Problem requirements ▸ Write out once more the lines running from the top of the entries below to the line with "Gucci Leather Shoulder Bag", both ends included.

:::

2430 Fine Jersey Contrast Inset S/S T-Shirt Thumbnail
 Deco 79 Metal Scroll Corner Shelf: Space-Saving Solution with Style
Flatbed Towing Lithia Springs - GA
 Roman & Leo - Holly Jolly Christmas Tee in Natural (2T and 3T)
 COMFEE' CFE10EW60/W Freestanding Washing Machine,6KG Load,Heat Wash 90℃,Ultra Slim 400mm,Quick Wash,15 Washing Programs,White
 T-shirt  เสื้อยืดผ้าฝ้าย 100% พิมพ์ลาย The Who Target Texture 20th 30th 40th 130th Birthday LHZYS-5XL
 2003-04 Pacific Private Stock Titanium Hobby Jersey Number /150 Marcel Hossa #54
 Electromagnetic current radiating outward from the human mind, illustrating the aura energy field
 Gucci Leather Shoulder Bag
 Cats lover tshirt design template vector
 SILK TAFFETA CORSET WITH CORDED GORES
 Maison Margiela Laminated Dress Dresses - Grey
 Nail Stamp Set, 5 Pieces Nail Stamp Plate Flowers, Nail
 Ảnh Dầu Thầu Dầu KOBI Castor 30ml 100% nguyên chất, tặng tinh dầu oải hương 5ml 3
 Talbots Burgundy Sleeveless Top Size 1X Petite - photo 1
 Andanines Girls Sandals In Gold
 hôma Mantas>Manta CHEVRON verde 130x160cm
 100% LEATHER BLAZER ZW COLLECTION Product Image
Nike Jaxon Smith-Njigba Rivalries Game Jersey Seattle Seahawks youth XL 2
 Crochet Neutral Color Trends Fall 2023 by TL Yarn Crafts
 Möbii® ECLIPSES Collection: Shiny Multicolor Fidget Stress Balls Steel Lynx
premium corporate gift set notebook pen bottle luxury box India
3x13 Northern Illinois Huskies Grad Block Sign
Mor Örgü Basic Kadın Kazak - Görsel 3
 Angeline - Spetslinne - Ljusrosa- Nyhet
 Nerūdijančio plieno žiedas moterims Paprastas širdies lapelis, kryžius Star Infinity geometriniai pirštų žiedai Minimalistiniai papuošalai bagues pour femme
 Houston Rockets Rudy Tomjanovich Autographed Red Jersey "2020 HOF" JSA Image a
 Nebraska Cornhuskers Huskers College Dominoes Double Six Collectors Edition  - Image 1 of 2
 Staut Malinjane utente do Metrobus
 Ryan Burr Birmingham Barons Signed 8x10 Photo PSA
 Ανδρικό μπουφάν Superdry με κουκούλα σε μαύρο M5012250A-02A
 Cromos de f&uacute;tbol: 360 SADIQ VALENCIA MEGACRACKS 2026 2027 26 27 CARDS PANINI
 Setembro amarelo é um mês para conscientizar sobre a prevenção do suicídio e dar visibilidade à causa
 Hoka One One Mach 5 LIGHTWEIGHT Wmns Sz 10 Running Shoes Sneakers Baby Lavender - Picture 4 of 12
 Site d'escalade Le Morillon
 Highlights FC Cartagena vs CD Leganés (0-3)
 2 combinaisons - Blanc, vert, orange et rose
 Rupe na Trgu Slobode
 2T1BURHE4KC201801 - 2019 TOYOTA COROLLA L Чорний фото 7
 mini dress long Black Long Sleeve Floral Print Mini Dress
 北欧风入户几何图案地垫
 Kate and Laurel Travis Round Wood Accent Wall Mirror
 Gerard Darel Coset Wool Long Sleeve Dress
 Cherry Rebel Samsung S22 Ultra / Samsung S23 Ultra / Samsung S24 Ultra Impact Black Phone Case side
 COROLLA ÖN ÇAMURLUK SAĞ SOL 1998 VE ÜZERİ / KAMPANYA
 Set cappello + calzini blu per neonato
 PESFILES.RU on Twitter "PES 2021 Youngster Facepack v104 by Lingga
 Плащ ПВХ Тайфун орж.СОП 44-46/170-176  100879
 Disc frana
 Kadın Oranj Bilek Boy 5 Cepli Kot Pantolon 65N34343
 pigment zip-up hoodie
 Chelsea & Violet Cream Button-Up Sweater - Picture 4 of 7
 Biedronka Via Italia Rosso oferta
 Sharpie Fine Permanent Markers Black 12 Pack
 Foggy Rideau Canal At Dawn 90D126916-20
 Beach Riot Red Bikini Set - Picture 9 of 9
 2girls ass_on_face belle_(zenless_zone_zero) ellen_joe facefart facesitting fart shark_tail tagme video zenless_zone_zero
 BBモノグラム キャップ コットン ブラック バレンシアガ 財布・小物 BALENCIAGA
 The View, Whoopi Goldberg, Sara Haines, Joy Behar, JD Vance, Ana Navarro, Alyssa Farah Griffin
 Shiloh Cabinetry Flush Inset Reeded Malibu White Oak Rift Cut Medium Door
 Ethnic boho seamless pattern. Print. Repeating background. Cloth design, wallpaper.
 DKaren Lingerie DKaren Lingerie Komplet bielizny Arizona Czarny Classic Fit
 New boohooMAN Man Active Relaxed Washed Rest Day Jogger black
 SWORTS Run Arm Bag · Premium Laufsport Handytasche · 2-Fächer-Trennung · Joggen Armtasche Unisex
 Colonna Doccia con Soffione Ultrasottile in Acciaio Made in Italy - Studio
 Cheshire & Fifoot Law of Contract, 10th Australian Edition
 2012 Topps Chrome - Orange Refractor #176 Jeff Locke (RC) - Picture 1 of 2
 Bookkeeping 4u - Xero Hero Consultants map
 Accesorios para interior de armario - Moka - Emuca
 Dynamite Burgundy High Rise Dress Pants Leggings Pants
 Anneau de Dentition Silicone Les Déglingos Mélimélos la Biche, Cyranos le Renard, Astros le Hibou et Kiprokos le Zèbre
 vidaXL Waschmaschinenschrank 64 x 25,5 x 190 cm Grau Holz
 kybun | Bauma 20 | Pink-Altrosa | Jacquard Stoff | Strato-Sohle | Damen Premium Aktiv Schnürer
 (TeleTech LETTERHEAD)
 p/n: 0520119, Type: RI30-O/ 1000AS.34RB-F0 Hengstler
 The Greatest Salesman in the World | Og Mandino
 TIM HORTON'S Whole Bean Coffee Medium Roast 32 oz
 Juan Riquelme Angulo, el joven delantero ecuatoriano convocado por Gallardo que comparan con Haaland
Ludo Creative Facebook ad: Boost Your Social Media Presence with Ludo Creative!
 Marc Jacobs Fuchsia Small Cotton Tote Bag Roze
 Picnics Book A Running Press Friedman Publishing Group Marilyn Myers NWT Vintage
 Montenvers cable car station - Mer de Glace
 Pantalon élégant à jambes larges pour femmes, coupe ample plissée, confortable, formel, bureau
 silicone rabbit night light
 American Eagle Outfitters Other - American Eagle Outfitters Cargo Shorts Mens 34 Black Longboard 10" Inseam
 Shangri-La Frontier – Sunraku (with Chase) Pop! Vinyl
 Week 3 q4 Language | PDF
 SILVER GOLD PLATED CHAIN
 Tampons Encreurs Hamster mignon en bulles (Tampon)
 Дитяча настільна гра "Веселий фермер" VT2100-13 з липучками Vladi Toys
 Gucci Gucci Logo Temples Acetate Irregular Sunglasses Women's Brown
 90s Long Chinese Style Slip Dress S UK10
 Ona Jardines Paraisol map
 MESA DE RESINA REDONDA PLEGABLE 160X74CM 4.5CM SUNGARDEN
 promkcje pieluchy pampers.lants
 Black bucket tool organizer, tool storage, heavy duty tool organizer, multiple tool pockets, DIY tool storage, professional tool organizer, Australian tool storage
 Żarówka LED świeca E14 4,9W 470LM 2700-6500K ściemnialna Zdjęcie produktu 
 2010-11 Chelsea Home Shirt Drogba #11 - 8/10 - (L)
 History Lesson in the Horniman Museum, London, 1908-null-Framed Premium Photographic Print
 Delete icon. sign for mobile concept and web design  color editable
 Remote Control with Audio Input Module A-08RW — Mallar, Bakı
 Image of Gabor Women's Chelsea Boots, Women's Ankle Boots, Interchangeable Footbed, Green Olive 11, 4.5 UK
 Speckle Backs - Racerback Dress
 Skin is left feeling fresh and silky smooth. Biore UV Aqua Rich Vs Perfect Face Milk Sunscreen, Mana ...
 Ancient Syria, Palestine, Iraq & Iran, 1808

:::

Result for this task ▸
2430 Fine Jersey Contrast Inset S/S T-Shirt Thumbnail
 Deco 79 Metal Scroll Corner Shelf: Space-Saving Solution with Style
Flatbed Towing Lithia Springs - GA
 Roman & Leo - Holly Jolly Christmas Tee in Natural (2T and 3T)
 COMFEE' CFE10EW60/W Freestanding Washing Machine,6KG Load,Heat Wash 90℃,Ultra Slim 400mm,Quick Wash,15 Washing Programs,White
 T-shirt  เสื้อยืดผ้าฝ้าย 100% พิมพ์ลาย The Who Target Texture 20th 30th 40th 130th Birthday LHZYS-5XL
 2003-04 Pacific Private Stock Titanium Hobby Jersey Number /150 Marcel Hossa #54
 Electromagnetic current radiating outward from the human mind, illustrating the aura energy field
 Gucci Leather Shoulder Bag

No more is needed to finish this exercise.